* Task details
Give again, exactly as written, each line of the material below starting at the line that contains "Overhead shot of" and ending at the line that contains "Joven adolescente asiática". Both ends count, and no other line does.

* Data extracts
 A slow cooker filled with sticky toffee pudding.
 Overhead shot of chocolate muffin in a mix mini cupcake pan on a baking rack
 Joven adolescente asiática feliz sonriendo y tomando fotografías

==

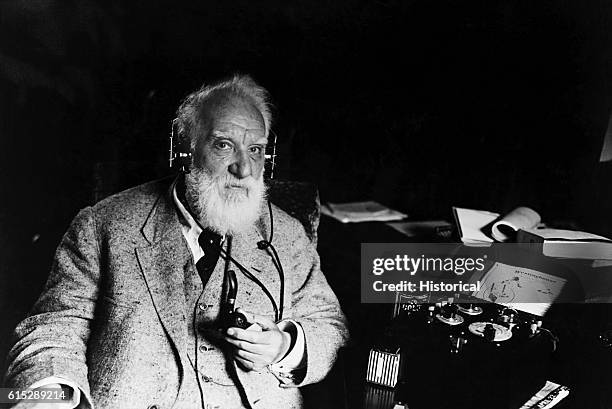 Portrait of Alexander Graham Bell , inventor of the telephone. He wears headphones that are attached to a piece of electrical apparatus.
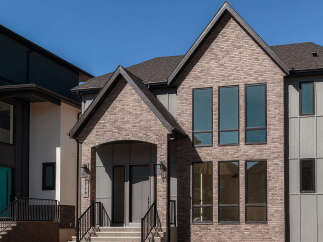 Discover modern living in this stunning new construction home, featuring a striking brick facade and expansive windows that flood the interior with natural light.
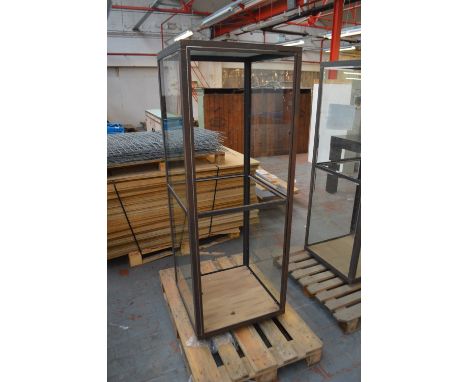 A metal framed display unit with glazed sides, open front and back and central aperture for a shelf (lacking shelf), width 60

* Solution for this problem
 Overhead shot of chocolate muffin in a mix mini cupcake pan on a baking rack
 Joven adolescente asiática feliz sonriendo y tomando fotografías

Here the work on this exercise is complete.